Errori e sfortune nella terra dei leprecauni

Costosi errori di valutazione, fraintendimenti e ritardi si nascondono dietro il monumento simbolo della cittá di San Patrizio

Elisa Daniela MontanariTHE SPIRE, conosciuto dalla gente di Dublino come “The Stiletto in the Ghetto” o “The Spike”, lo Spuntone, abitualmente preso come punto di riferimento geografico per incontrarsi con gli amici o per ritrovare la strada di casa dopo una notte di Guinness, sta per festeggiare il suo primo decennio. Ciò che lo contraddistingue però, non è solo il fatto di essere la statua piú alta del mondo, ma anche un monumento con una tragicomica storia segnata dai continui inciampi della Pubblica Amministrazione.
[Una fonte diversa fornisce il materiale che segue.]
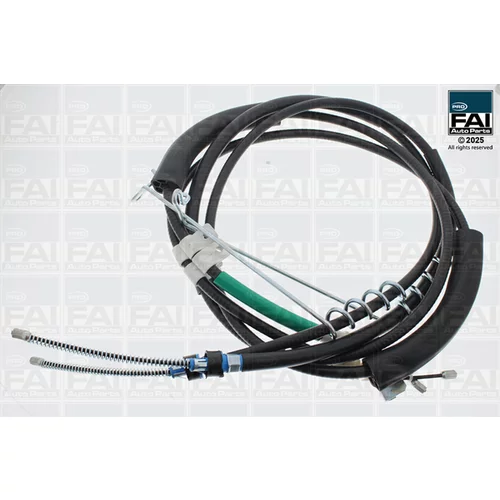 Ťažné lanko parkovacej brzdy FAI AutoParts FPBC244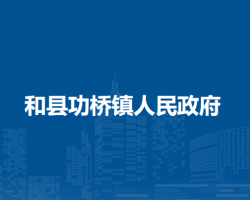 和縣功橋鎮(zhèn)人民政府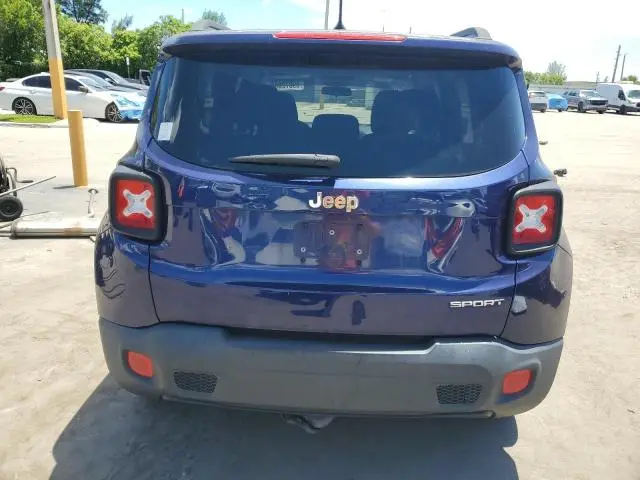 2017 JEEP RENEGADE SPORT  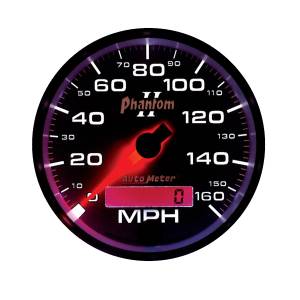 AutoMeter - AutoMeter 3-3/8in. SPEEDOMETER,  0-160 MPH - 7588 - Image 2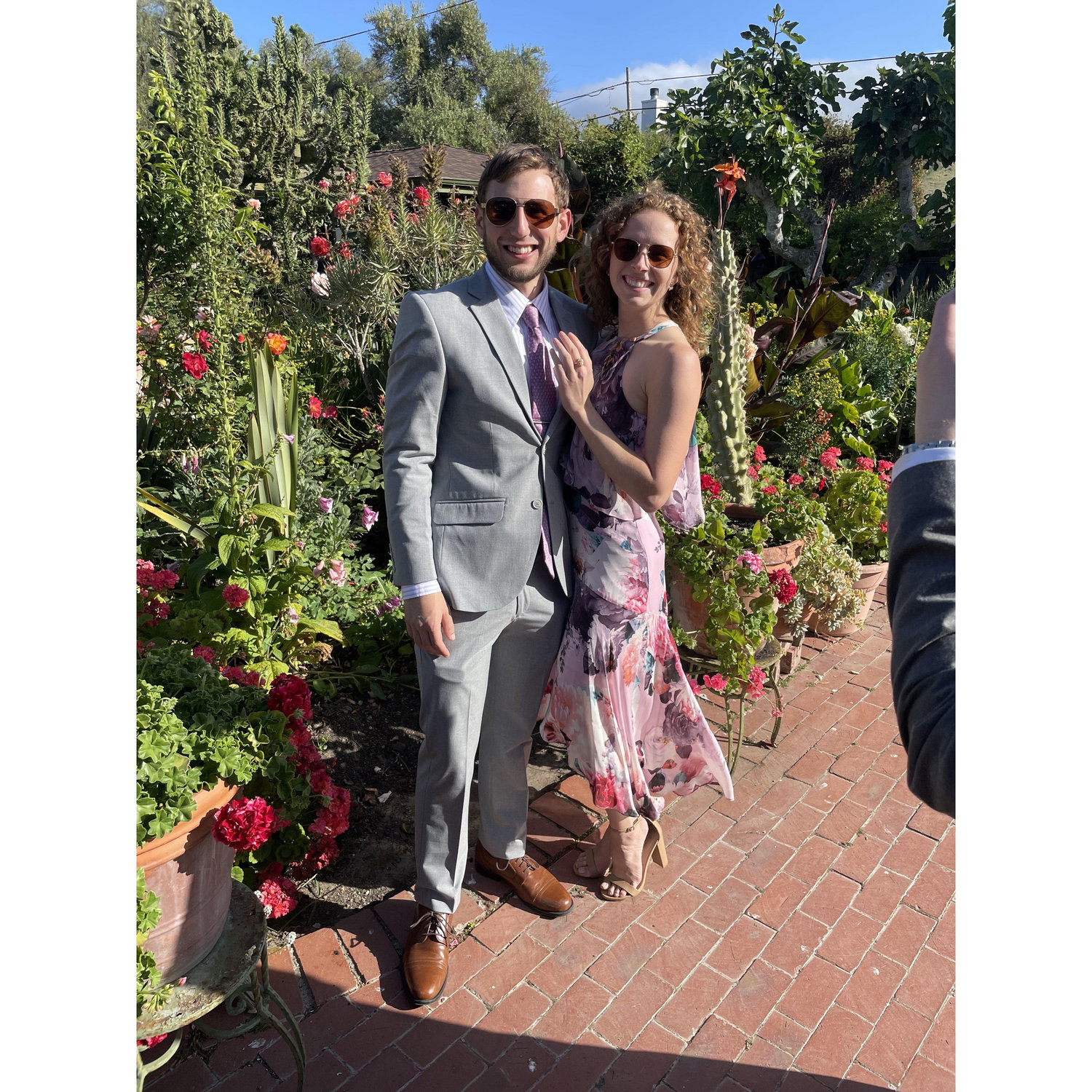 Katherine and Ryan's wedding in CA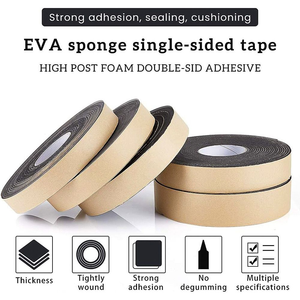 Door <strong>Window</strong> Sealing Tape Construction Packaging Foam Adhesive Tape Electronic Assembly EVA Foam Tape - Product Image 5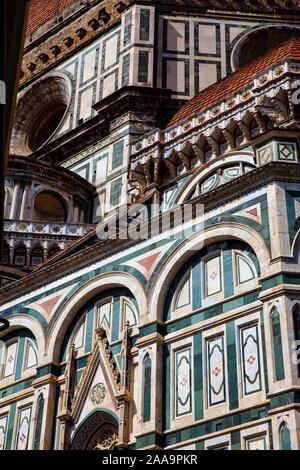 Cattedrale di Santa Maria del Fiore, Firenze, Italia Foto Stock
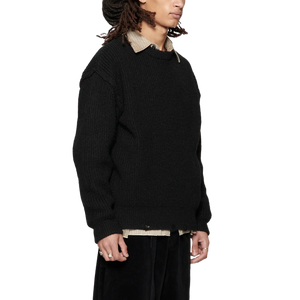 Beach Brains Session Knit Black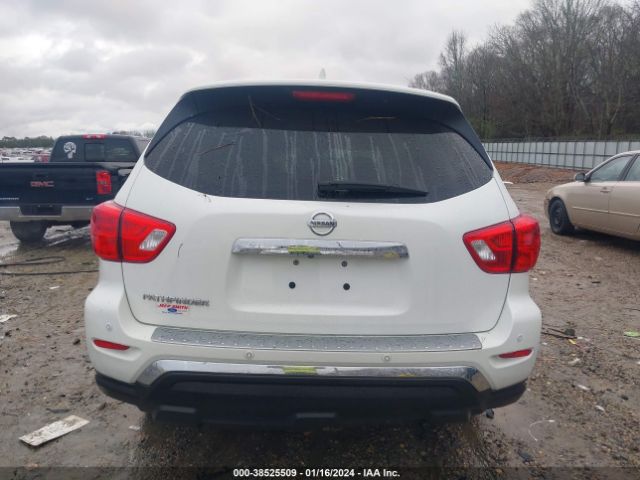 5N1DR2ANXLC630183 Nissan Pathfinder S 2wd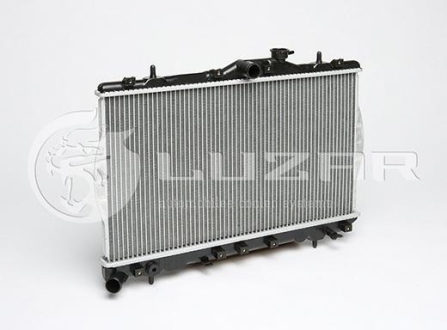 Радиатор охлаждения (алюм) Accent 1.3/1.5 (94-) МКПП LUZAR LRc HUAc94125 (фото 1)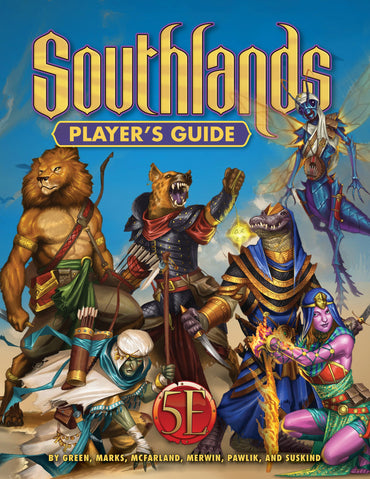 Dungeons & Dragons Kobold: Southlands Player’s Guide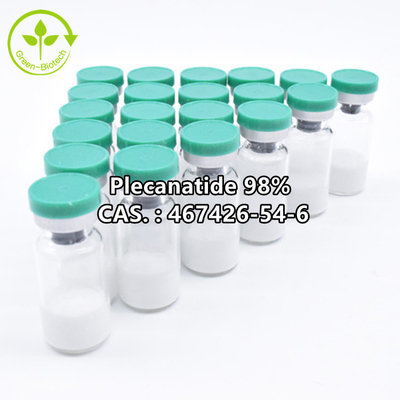 Plecanatide pulverisieren CAS 467426-54-6 98% 1mg 5mg eine Entsprechung von Uroguanylin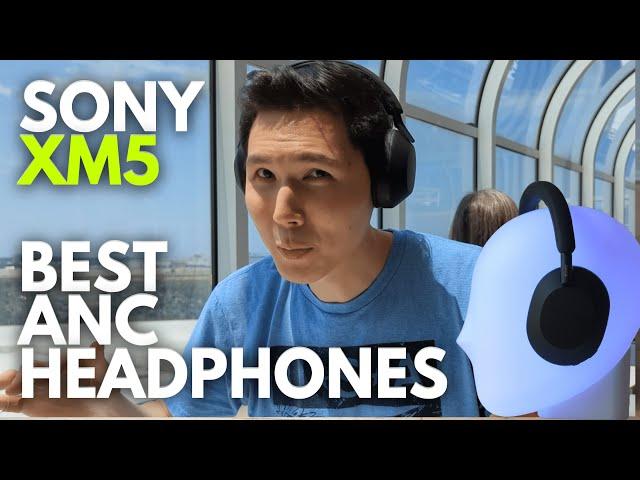 Sony WH-1000XM5 - ANC so good, Headphones BEST in CLASS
Per iniziare dal principio bisogna ricordare che al posto del monumento attuale sorgeva THE NELSON’S PILLAR, memoriale all’Ammiraglio inglese Nelson che sconfisse l’Invincibile Armada spagnola nella battaglia di Trafalgar. Eretto nel 1809 e subito criticato, diventa con gli anni il monumento piú odiato dai cittadini irlandesi, in quanto memorandum di oltre cento anni di vassallaggio al Regno d’Inghilterra, terminati solo nel 1922. Dopo decenni di tentativi nel trovare un accordo in Parlamento che permettesse di rimuovere la colonna, l’IRA Irish Republican Army organizzazione militare rivoluzionaria, decide di prendere in mano la situazione e nel 1966 posiziona una bomba per far saltare in aria la colonna.

(Nessuno rimase ferito dall’esplosione e i danni furono molto limitati).
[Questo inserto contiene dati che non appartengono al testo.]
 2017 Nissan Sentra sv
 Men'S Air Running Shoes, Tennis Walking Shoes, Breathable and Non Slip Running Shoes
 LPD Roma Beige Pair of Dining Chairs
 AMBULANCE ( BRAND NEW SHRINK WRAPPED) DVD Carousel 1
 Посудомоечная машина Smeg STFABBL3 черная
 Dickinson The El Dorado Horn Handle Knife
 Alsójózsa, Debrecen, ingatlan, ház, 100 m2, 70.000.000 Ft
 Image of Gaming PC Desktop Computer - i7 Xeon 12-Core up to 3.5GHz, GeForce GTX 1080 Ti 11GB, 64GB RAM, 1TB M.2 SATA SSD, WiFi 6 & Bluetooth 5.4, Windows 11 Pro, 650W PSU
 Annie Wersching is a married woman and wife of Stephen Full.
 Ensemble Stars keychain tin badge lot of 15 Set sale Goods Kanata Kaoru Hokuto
La Pubblica Amministrazione si ritrova così ad avere il relitto di un monumento, giudicato irreparabile, nel mezzo di una delle vie più importanti della città; decide dunque di sbarazzarsi dei rottami seguendo l’esempio dei suoi predecessori e sei giorni dopo piazza un’altra bomba.

Lo scoppio causò la formazione di un cratere nel terreno e la rottura dei vetri di edifici fino a un chilometro di distanza. Danni da migliaia di sterline irlandesi.

Dopo questa prima disavventura viene eretta una nuova statua al posto della Colonna di Nelson per l’anniversario del Millennio di Dublino, nel 1988. Quella che doveva essere la trasfigurazione poetica del fiume che attraversa la città in sembianze umane, si trasforma nell’immaginario collettivo in una rappresentazione erotica. Il nuovo ANNA LIVIA MONUMENT, raffigurante una giovane donna seduta nel mezzo di acque fluttuanti, cambia rapidamente nome e significato in “ The Floozie in the Jakuzzi” o “The Whore in the sewer” in cui Floozie e Whore sono due appellativi con i quali non è raccomandabile chiamare una signora.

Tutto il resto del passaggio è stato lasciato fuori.